------ Supplied material
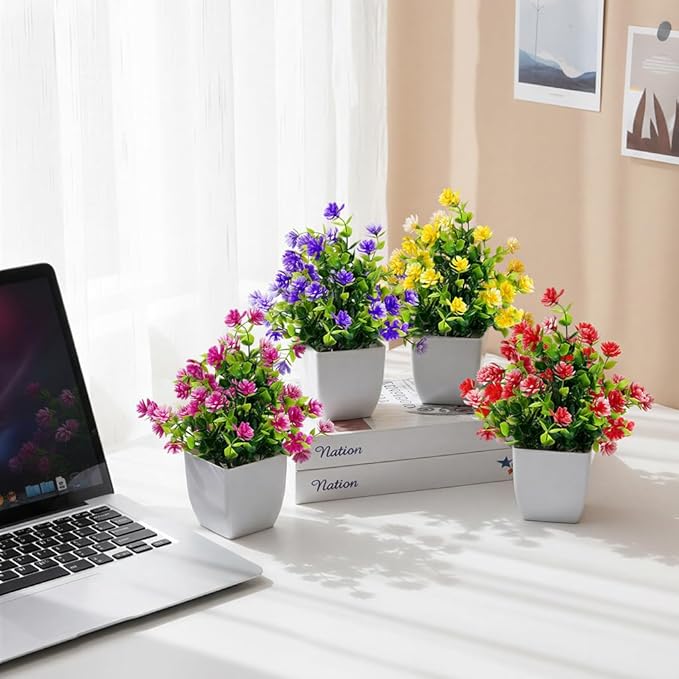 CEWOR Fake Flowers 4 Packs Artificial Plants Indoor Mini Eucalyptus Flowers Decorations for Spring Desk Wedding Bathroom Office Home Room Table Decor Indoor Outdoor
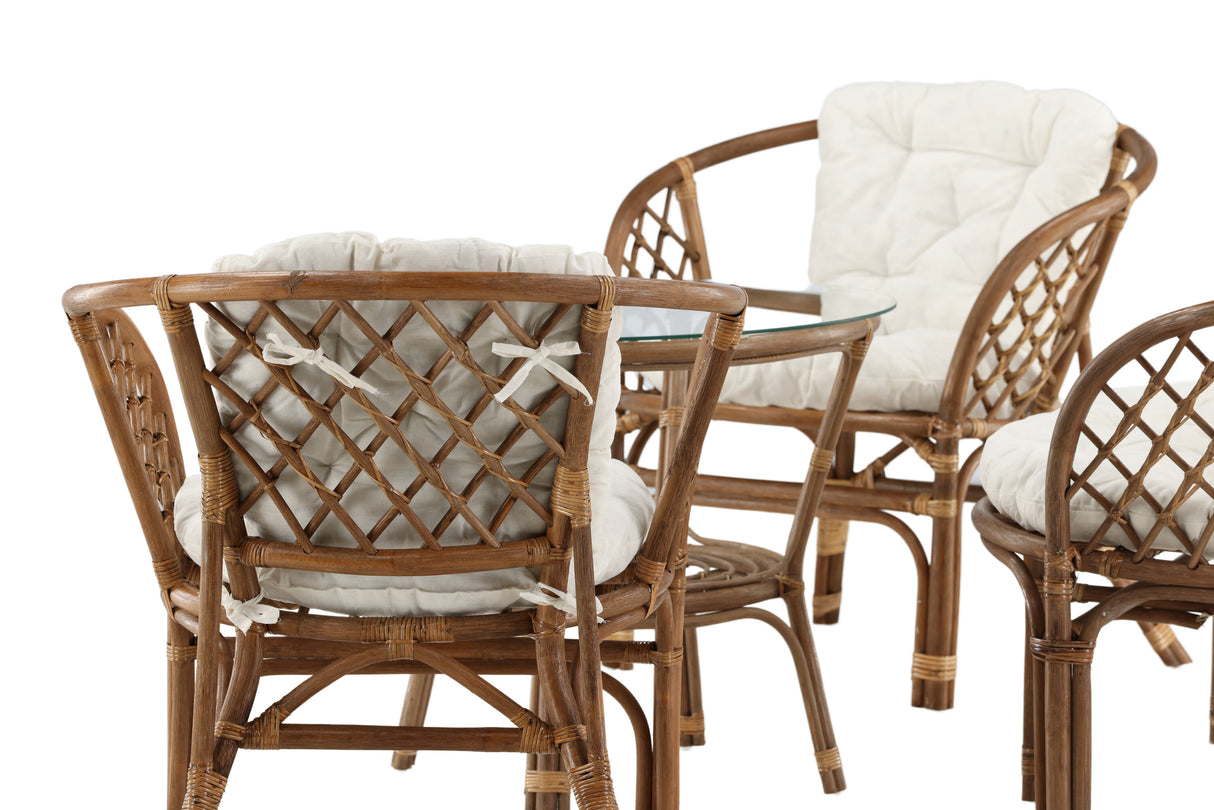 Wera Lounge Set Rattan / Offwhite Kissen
------------
------ Supplied material
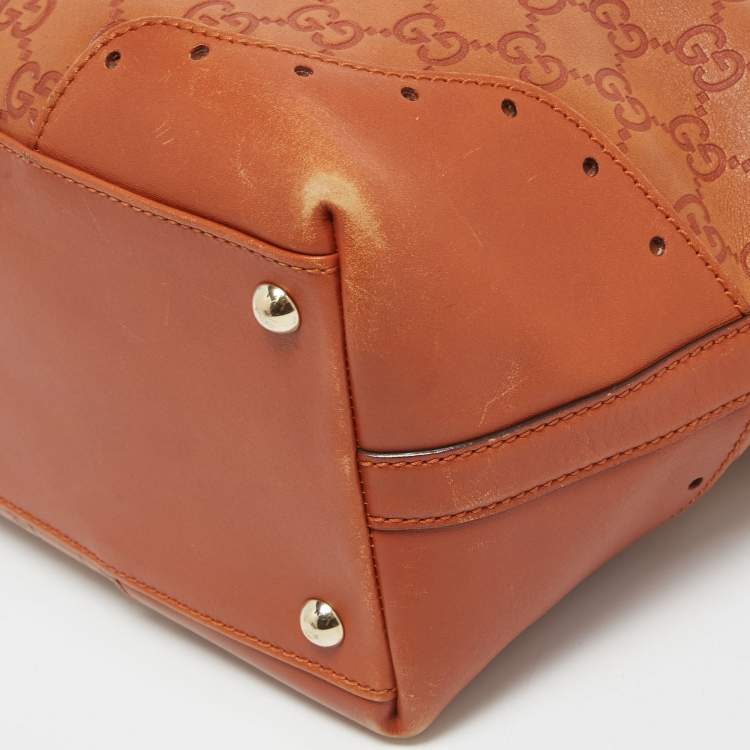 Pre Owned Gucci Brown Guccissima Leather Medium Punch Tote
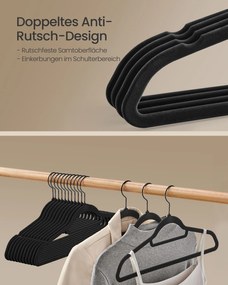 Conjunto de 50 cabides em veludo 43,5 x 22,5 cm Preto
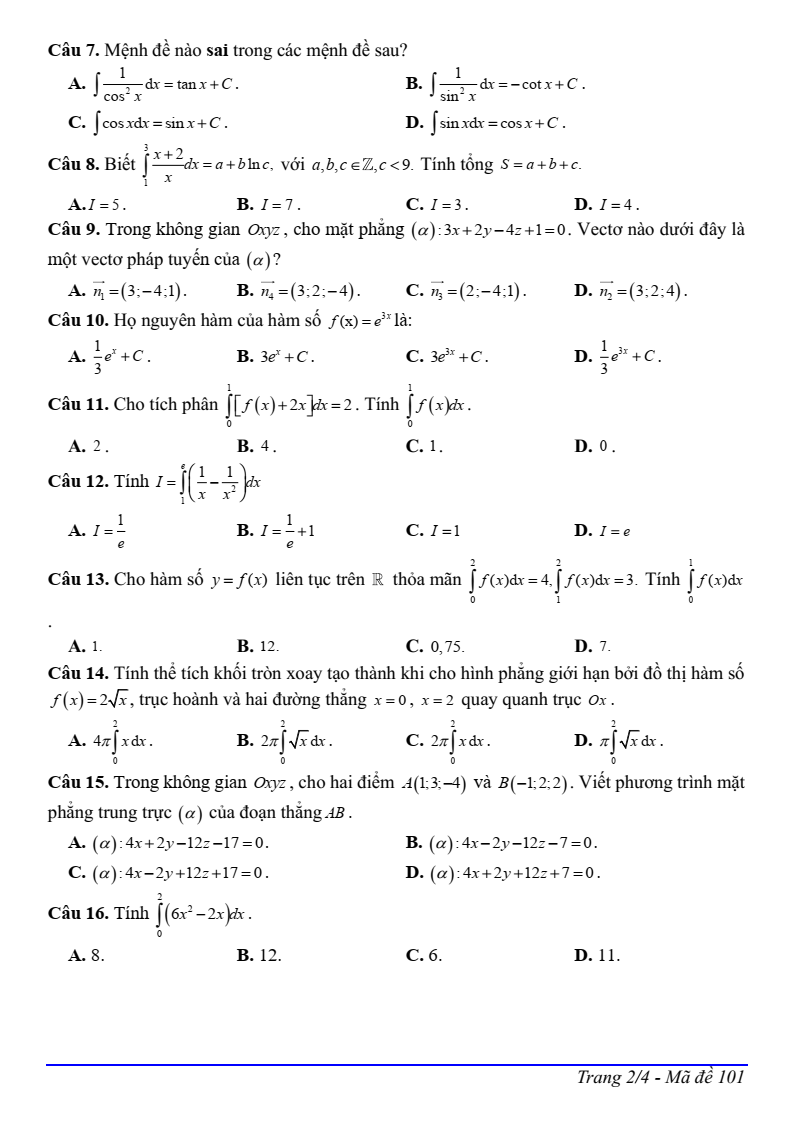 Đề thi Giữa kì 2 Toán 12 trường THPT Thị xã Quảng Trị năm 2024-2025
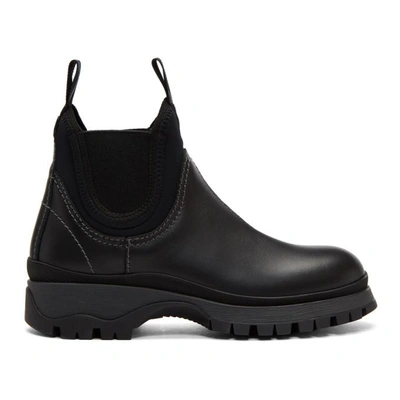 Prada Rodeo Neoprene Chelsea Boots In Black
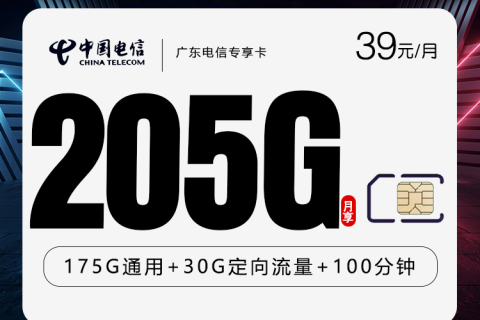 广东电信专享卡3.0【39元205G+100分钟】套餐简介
------------
= What to work on =
Starting at the line above that contains "Conjunto de 50", transcribe every line exactly through the line that contains "广东电信专享卡3.0【39元205G+100分钟】套餐简介", including that last one, and skip the pictures.

= Answer space =
 Conjunto de 50 cabides em veludo 43,5 x 22,5 cm Preto
 Đề thi Giữa kì 2 Toán 12 trường THPT Thị xã Quảng Trị năm 2024-2025
 Prada Rodeo Neoprene Chelsea Boots In Black
 广东电信专享卡3.0【39元205G+100分钟】套餐简介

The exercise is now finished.